My twitter icon is the famous drive around control image:

This is where folks promoting APT fail. I am not denying that the attackers who have found a end run around a widely known security control are
Advanced
Persistent
Threats
Anyone who targeted a particular firm, and utterly broke a long standing crypto system, and everything else required to obviate hardened controls of at least two military industrial giants are worthy of the term APT.

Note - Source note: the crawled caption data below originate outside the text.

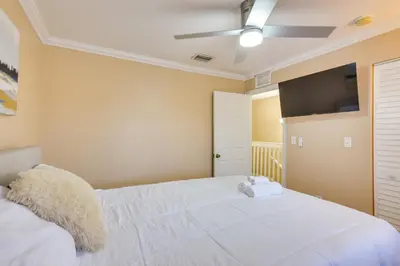a bedroom with a white bed and a flat screen tv at Opa-locka Townhome, 15 Mi to Miami Beach! in Opa-locka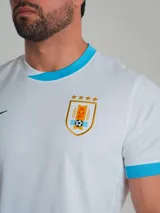 Camiseta de fútbol Nike Stadium de la selección uruguaya, modelo alternativo. Diseño blanco con detalles celestes en cuello y mangas, logo de Nike en negro y escudo de la selección en el pecho.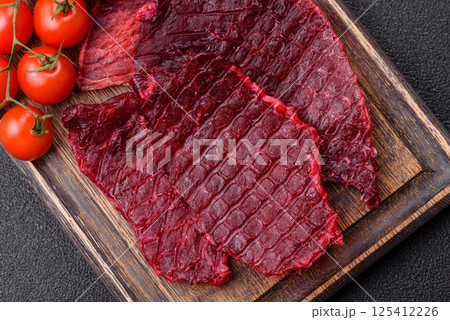 Dried beef slices, jerky, with cherry or plum flavor, salt and spices Dried beef slices, jerky, with cherry or plum flavor, salt and spices 125412226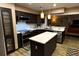Well-appointed kitchen boasts sleek, dark cabinetry, stainless steel appliances, and a functional island at 5019 Saint Germain Ave, Orlando, FL 32812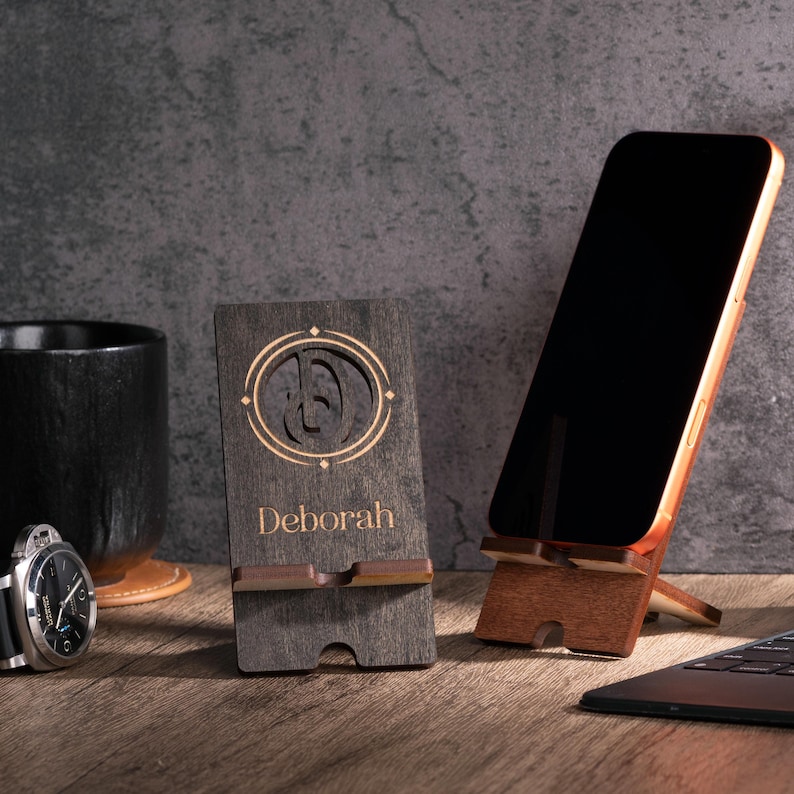May include: A wooden phone stand with the name "Deborah" engraved on it, along with a decorative design. A smartphone is propped up on a wooden stand. A black watch and a black mug are also visible.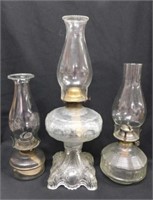 3 antique glass kerosene lamps, tallest is 19"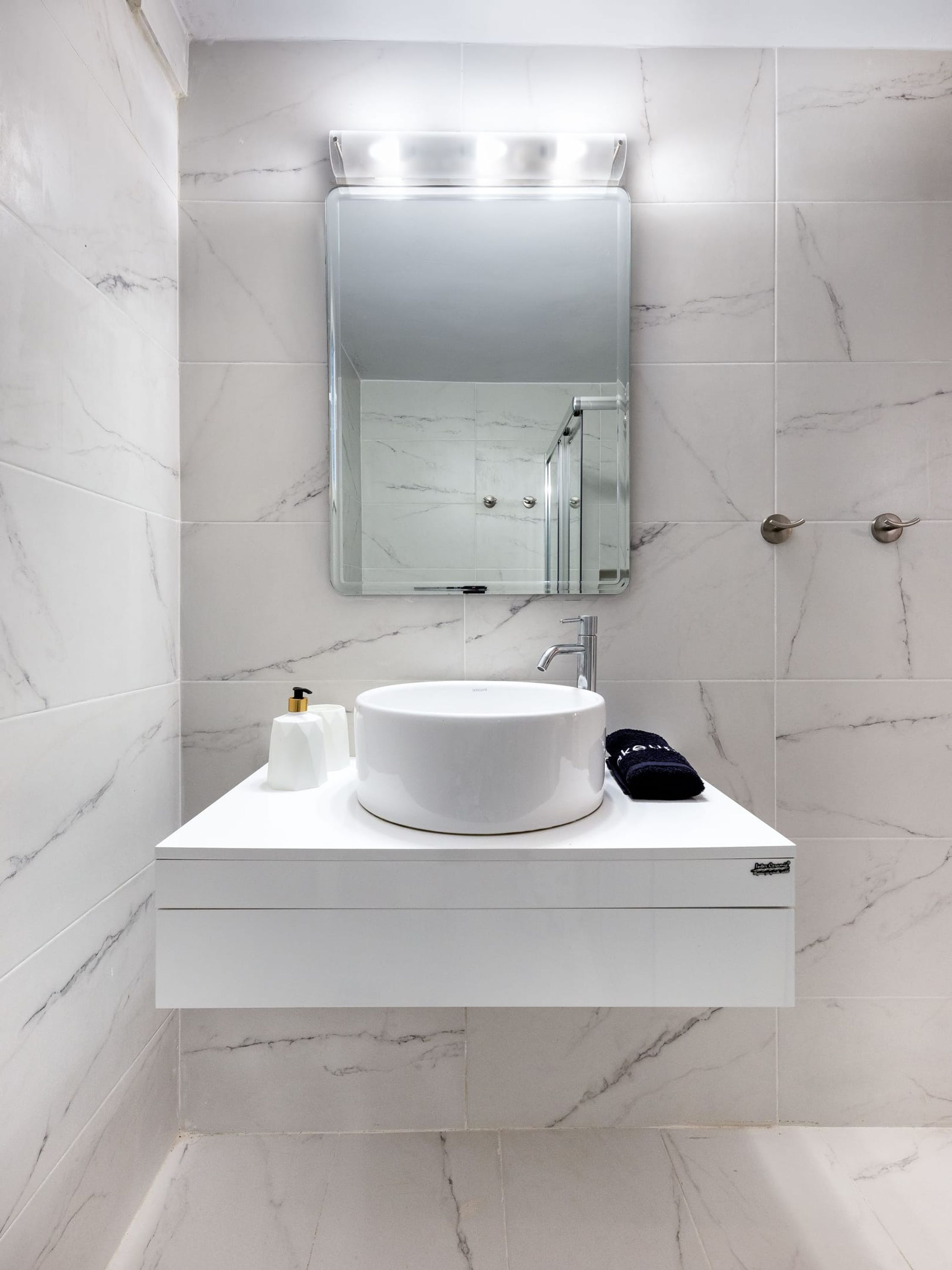 A bathroom with a white marble sink, a mirror above it, and a towel hanging on the wall.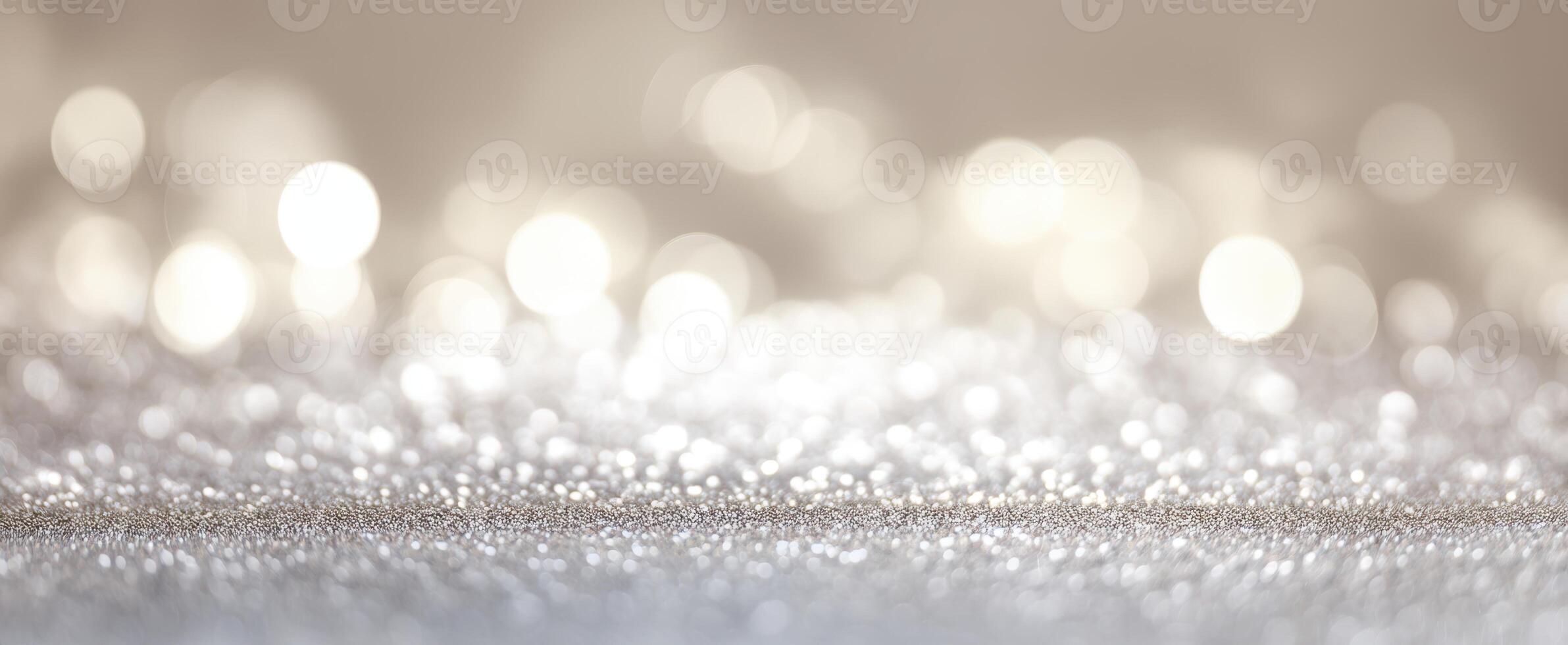The sparkling silver surface illuminated by beautiful bokeh lights. photo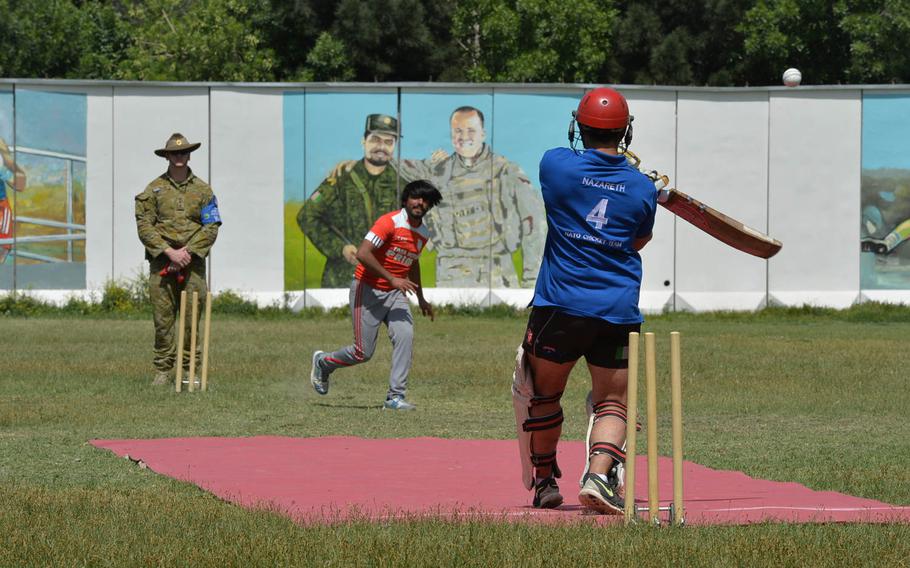 David Nazareth, an Australian on the Resolute Support cricket team, swings at a high-bouncing ball during an exhibition match between a team of NATO members and an Afghan squad from outside Kabul at the Resolute Support base in Afghanistan's capital on May 8, 2016.
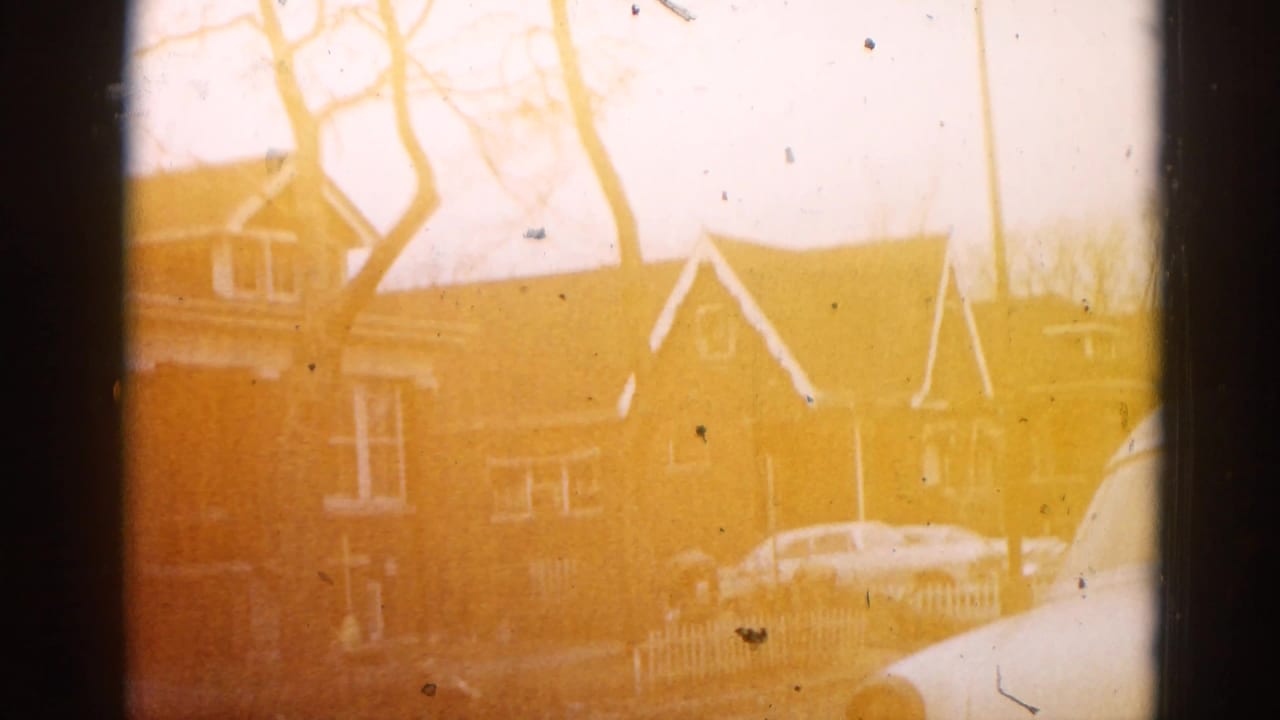 Brick house with gabled roof and bare winter trees under a heavy amber-orange 8mm color cast.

Unfortunately, APT as a term is so brand damaged in the info sec community (try saying it at a public event without being openly laughed at), that we have to choose a better one, one that marketers would never dream of using inappropriately. I don’t know what it is, but surely
Enemy Combatent
or
Soon To Be A Small Pile Of Glowing Ash (STBASPOGA, or the more friendly sounding Strasbourg)
are right up there.
Worse still, the fact that these Strasbourgs really are APTs doesn’t mean that we should forget to do the hard work, but instead demonstrates the paucity of protective information security research. Some of you might remember me saying a year or two ago that too much attention is paid to those who hack, and not enough on those who defend. Strasbourgs should mean more dollars in pro-active research. We need to make it difficult to develop insecure software. We should make easy to determine if Acme’s latest release of their widgets are insecure. We should have metrics that easily demonstrate insecure software costs more. We should make it legally untenable to ship insecure software, and give redress to consumers when their investments, privacy and intellectual property are violated due to stupid, simple weaknesses that we knew about in 1965.